The town hall of Belforte is made up of two buildings arranged in an "L" shape. The two facades are characterized by as many orders of windows and by a nineteenth-century portico. The seventeenth-century Civic Tower appears from the left body. The palace houses works of great historical interest such as the bell, dating back to the sixteenth century, from the church of San Sebastiano.

===Palazzo Farroni - Bonfranceschi===

The elegant palace was built between the second half of the seventeenth and the first half of the eighteenth century. Originally it belonged to the Farroni family then, through the hereditary axis, it passed to the Bonfranceschi family. The entire complex is currently owned by the city and houses a period residence.

===Vicomandi Palace===

Rare example of a corner building with a hanging garden, already existing in the year 1766, of which, however, there is no information on the origins. The main facade of the building and the side ones face along the two main streets and the one behind has a lush hanging garden. It retains the typical furnishings of the bourgeois home of the nineteenth century. It has four representative rooms on the main front with painted ceilings with various allegories, including the three halls with arabesques. The family oratory is located near the main hall. The bedrooms are also painted with allegorical and grotesque motifs.

===Statue of Anselmo Ciappi===

The statue of Anselmo Ciappi, a well-known citizen of Belfort who died in 1936, is located between the green of the flower beds and plants of Piazza Vittorio Emanuele II. The bronze bust is the work of the sculptor Pettinari from Tolentino.
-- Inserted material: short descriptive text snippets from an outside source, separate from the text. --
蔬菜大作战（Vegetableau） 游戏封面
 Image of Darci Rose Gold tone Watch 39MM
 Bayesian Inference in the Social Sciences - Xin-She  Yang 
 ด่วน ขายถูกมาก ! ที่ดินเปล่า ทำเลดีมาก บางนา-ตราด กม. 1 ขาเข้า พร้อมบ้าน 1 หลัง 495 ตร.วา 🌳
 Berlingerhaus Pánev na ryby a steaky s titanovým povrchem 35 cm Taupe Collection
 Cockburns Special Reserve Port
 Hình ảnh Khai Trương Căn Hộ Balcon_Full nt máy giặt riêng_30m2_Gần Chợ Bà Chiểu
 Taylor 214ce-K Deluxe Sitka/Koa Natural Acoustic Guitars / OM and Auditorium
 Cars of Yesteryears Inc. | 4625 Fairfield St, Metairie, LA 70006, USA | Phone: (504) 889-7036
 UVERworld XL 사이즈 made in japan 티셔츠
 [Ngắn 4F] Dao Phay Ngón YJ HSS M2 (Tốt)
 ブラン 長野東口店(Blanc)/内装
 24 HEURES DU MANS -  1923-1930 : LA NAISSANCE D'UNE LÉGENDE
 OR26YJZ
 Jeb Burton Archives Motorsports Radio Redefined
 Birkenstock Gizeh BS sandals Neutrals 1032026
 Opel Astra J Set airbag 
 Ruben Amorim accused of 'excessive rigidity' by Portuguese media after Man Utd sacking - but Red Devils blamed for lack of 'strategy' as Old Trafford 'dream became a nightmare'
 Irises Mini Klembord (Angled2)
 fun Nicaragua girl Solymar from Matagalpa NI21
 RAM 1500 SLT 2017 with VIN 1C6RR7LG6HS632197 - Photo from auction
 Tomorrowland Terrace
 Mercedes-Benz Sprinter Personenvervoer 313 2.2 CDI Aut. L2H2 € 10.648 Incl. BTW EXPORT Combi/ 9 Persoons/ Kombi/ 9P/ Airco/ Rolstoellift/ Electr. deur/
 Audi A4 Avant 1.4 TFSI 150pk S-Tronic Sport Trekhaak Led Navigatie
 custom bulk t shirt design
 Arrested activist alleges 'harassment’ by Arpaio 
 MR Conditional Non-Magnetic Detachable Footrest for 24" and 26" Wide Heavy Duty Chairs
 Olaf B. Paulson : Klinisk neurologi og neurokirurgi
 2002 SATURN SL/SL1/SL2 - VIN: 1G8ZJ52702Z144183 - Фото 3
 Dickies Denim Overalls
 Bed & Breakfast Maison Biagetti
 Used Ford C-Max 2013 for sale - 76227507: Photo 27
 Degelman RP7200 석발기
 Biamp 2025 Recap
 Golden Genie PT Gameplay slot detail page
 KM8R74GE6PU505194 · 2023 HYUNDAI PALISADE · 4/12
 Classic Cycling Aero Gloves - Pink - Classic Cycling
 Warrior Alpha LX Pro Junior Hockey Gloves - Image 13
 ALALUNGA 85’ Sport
The epigraph engraved on the stele "Anselmo Ciappi, great for science, goodness, love of country" testifies the country's recognition for the merits attributed to it in the scientific, political but above all human field.

===Roman Gate===

In medieval times, the village of Belforte was accessed through the arch of Porta Romana which still constitutes the main entrance to the historic center. To its right is the ancient washhouse, also dating back to medieval times.

===Triumphal Arch===

It is commonly called the "door for the pope" since it was erected in 1782 on the occasion of the retirement of Pius VI from Vienna. Opposite passes the `Via Regalis Lauretana` which, coming from Assisi, reaches Loreto.

===Porta Vercungiano===

It dates back to the sixteenth century, located near the church of San Sebastiano, marking the beginning of the via Lauretana in Belforte del Chienti.

==Crafts==
Among the most traditional, widespread and active economic activities are artisanal ones, such as the manufacture of leather goods. [4]

==Administration==
Alessio Vita is the first citizen of Belforte del Chienti. He was voted for by the citizens through a political party called(obiettivo comune) Joint target. This act saw him become the mayor of Belforte del Chienti on the 21 of May 2019, And till date still in office.

==Sport==
The Belfortese R.Salvatori football team was born from the second category in the marche region.